- Opening Delimiter -

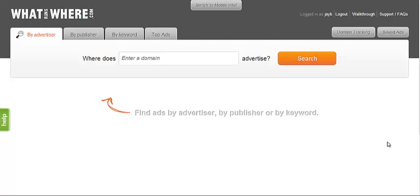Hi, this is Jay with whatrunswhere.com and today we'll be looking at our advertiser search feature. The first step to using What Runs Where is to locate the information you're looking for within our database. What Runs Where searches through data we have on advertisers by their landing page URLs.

- Closing Delimiter -
- Opening Delimiter -

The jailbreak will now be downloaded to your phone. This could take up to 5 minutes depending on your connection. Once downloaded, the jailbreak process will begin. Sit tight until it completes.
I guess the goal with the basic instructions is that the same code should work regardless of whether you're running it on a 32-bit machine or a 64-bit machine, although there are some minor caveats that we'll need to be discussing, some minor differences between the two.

- Closing Delimiter -
- Opening Delimiter -

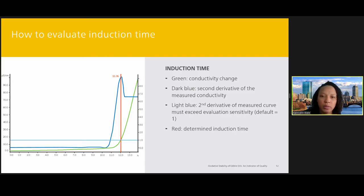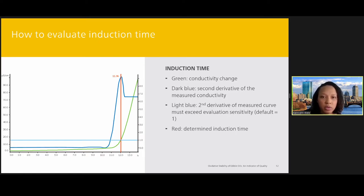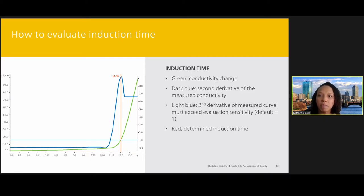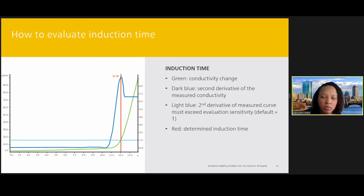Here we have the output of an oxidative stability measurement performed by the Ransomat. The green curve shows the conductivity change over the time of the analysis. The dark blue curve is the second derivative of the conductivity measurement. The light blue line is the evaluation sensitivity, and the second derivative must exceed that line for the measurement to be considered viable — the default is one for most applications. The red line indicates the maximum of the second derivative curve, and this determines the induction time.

- Closing Delimiter -

### Prompt
In your answer, include only the lines above starting at the line that holds "The jailbreak will" and ending at the line that holds "I guess the", copied exactly.

### Exercise solution
The jailbreak will now be downloaded to your phone. This could take up to 5 minutes depending on your connection. Once downloaded, the jailbreak process will begin. Sit tight until it completes.
I guess the goal with the basic instructions is that the same code should work regardless of whether you're running it on a 32-bit machine or a 64-bit machine, although there are some minor caveats that we'll need to be discussing, some minor differences between the two.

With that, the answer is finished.